Single by Jagwar Twin
- Released: December 15, 2023
- Genre: Alternative rock; reggae; alternative hip hop;
- Length: 2:13
- Label: Big Loud Rock; Warner Chappell Music;
- Songwriters: Roy English; Ryan Daly; Sean Van Vleet; Leslie Bricusse; Anthony Newley;
- Producers: Ryan Daly; Roy English;

Jagwar Twin singles chronology
| "Life Is Good" (2023) | "Bad Feeling (Oompa Loompa)" (2023) |  |

Music video
- "Bad Feeling (Oompa Loompa)" on YouTube

= Bad Feeling (Oompa Loompa) =

"Bad Feeling (Oompa Loompa)" is a 2023 alternative rock song released by Jagwar Twin (Roy English) under the Big Loud Rock label. The song utilizes the lyrics and melody from the refrain of the Oompa Loompa songs in the 1971 film Willy Wonka & the Chocolate Factory. It was produced by Ryan Daly and Roy English, and written by English, Daly, and Sean Van Vleet, with credit to the original composers of the 1971 work.

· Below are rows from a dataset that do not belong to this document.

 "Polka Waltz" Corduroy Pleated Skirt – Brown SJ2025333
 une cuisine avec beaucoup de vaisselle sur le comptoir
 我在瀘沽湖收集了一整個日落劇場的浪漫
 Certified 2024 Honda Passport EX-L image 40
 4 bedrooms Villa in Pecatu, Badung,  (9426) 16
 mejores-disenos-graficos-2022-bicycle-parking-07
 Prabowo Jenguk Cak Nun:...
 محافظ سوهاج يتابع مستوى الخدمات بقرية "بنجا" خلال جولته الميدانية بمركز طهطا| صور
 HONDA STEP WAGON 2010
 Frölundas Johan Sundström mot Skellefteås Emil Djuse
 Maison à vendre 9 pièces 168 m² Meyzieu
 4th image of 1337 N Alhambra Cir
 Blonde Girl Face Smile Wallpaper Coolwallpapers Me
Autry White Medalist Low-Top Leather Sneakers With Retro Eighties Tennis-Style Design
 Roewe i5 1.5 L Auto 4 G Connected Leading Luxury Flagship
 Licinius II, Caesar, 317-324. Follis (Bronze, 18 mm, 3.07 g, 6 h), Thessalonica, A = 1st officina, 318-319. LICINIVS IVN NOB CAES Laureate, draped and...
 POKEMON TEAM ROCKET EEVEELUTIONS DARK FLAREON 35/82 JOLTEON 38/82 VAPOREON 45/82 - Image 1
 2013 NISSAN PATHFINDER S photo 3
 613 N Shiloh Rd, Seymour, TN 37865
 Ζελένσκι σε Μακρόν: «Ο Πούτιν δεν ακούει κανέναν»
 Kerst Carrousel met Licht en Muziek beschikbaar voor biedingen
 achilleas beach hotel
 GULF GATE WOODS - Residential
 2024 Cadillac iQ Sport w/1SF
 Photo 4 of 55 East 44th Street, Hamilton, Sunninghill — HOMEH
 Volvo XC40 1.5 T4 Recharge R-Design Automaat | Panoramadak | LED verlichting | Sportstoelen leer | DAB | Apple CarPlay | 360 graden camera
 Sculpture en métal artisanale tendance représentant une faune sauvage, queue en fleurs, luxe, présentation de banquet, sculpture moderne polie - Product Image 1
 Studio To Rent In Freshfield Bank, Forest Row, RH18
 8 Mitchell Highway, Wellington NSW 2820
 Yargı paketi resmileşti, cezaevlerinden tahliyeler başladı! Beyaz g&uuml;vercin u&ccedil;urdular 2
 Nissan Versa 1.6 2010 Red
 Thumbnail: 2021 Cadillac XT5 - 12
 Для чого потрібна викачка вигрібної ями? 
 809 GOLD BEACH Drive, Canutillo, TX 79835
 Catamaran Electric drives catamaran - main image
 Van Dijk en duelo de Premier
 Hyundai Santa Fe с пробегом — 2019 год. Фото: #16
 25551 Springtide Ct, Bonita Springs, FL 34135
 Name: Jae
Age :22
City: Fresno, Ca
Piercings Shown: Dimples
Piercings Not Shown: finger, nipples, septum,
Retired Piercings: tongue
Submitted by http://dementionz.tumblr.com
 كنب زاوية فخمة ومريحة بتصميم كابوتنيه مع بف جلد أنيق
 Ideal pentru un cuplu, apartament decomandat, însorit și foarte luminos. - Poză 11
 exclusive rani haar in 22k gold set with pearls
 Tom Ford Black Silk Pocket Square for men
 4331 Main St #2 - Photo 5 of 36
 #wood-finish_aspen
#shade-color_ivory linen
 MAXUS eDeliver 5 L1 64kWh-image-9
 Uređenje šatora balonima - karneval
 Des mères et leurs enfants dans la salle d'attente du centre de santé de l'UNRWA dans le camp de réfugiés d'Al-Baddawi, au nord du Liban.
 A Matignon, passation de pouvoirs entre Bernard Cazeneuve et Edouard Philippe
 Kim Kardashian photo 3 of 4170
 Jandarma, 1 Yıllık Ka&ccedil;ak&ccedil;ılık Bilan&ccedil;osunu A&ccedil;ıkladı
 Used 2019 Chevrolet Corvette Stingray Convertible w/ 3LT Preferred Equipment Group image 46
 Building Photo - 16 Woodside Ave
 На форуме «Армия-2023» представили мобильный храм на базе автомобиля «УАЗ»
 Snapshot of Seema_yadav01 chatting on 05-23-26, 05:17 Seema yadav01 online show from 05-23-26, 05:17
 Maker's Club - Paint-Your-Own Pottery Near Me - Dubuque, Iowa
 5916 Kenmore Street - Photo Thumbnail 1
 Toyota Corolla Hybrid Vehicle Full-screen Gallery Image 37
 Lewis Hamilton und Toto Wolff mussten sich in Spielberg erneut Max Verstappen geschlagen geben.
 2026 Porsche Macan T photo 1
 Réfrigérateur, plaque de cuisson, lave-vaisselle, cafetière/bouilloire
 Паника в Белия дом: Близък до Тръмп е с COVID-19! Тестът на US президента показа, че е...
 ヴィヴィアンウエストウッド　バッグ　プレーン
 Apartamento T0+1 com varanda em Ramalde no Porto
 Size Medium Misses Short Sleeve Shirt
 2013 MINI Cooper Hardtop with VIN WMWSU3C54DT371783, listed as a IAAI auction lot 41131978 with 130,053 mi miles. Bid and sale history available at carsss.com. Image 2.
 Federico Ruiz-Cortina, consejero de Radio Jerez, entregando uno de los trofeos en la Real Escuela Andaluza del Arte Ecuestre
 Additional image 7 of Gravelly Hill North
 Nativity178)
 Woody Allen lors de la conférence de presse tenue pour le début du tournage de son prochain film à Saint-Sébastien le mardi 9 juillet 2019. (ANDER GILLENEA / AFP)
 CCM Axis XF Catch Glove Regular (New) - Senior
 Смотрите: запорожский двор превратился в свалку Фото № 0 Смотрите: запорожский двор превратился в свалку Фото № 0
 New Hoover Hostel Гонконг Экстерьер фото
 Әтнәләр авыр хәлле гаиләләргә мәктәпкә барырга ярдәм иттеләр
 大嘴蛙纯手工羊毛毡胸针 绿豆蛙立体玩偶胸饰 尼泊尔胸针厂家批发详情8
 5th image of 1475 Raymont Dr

Although unaffiliated with the 2023 film Wonka, the song was purposely released on December 15, 2023, to coincide with that film's release in the United States. In a statement about the song, Twin referred to it as "a chocolate covered reminder to trust your gut". The song was described by journalist Amanda McArthur as containing "spooky sounds, akin to a distorted lullaby" as well as a "pulsing beat and haunting whistles".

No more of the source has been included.